-- MATERIAL PROVIDED --
※ ※ ※

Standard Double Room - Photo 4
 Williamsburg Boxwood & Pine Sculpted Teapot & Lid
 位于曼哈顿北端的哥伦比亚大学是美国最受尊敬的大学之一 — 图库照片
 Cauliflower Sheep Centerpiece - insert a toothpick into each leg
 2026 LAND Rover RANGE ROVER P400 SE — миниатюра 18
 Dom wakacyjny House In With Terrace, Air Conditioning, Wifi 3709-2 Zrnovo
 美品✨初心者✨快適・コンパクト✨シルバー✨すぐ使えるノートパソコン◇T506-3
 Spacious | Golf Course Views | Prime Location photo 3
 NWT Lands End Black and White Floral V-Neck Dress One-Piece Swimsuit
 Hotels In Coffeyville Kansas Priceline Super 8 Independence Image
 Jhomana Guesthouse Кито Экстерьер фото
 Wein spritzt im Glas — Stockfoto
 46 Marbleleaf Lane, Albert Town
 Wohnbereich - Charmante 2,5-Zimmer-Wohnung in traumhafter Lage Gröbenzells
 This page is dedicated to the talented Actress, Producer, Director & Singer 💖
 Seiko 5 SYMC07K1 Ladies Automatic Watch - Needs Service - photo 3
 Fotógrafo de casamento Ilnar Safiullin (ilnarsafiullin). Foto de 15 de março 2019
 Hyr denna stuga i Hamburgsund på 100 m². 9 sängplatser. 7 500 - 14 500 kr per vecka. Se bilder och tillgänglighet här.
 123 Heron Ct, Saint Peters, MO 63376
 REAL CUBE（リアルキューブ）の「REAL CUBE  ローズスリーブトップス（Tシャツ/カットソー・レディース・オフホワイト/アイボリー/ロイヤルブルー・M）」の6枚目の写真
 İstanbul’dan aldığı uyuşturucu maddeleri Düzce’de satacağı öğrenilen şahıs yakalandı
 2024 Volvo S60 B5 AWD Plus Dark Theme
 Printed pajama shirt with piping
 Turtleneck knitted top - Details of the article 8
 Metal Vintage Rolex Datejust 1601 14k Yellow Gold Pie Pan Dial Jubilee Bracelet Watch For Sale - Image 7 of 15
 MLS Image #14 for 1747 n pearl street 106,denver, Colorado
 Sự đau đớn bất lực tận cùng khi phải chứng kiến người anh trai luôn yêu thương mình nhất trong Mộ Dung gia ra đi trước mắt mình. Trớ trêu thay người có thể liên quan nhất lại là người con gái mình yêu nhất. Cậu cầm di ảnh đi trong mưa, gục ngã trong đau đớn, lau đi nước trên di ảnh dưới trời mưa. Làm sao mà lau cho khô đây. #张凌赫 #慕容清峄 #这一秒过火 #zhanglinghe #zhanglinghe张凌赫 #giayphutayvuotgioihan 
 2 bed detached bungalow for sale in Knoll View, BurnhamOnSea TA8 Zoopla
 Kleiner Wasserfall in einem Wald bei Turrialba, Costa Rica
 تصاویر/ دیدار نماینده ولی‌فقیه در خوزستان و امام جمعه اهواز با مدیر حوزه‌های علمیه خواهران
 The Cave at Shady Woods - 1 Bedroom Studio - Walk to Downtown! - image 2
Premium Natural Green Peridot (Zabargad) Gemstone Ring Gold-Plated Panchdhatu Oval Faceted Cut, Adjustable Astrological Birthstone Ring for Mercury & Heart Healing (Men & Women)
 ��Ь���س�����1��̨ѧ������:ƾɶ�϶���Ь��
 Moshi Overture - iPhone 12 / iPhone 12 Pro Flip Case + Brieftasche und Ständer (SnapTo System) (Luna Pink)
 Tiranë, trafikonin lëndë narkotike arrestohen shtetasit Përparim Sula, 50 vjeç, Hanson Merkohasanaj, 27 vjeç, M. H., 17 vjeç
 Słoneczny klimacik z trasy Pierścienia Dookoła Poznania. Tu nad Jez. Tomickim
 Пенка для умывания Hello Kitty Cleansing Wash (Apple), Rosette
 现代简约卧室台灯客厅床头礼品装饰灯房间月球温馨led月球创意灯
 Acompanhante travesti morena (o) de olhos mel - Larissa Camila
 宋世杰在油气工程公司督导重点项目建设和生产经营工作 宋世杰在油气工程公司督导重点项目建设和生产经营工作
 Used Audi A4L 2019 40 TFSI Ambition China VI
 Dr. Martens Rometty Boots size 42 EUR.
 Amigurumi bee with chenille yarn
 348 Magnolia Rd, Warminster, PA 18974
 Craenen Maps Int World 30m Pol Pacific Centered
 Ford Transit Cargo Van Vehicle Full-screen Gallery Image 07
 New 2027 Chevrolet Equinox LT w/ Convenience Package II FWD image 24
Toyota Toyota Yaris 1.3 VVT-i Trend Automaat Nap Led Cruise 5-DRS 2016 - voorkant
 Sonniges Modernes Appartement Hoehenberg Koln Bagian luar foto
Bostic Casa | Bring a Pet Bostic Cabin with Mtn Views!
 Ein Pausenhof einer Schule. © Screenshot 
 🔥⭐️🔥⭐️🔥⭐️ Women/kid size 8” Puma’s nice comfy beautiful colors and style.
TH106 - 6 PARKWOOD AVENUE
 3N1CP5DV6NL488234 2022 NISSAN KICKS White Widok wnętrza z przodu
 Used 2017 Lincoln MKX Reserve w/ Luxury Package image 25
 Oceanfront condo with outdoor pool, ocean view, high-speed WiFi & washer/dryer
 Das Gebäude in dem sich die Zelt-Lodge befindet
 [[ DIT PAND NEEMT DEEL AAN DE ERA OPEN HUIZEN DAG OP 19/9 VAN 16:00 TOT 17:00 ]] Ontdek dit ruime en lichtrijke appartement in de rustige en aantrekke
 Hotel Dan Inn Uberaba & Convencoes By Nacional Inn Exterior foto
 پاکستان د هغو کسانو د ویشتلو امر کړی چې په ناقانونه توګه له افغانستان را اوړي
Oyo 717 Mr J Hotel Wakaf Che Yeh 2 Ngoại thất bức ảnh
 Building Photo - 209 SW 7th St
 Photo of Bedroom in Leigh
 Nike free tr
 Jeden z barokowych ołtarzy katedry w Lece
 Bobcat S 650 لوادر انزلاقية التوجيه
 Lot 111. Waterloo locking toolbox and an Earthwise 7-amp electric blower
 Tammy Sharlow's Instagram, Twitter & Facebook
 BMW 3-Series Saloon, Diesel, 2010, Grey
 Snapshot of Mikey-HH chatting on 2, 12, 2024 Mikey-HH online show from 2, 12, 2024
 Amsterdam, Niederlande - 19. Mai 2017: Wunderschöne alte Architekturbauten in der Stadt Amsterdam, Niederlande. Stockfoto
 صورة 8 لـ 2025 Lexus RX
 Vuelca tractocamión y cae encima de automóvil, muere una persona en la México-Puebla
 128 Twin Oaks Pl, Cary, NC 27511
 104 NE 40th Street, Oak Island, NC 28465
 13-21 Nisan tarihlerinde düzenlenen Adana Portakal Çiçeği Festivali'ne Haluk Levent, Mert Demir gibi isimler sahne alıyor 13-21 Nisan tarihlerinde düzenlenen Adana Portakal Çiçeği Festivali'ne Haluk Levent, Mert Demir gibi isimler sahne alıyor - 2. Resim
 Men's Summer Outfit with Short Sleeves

※ ※ ※

-- ACTIVITY --
Pick out every line above that contains the word "Package" and copy it.

-- WRITTEN SOLUTION --
 New 2027 Chevrolet Equinox LT w/ Convenience Package II FWD image 24
 Used 2017 Lincoln MKX Reserve w/ Luxury Package image 25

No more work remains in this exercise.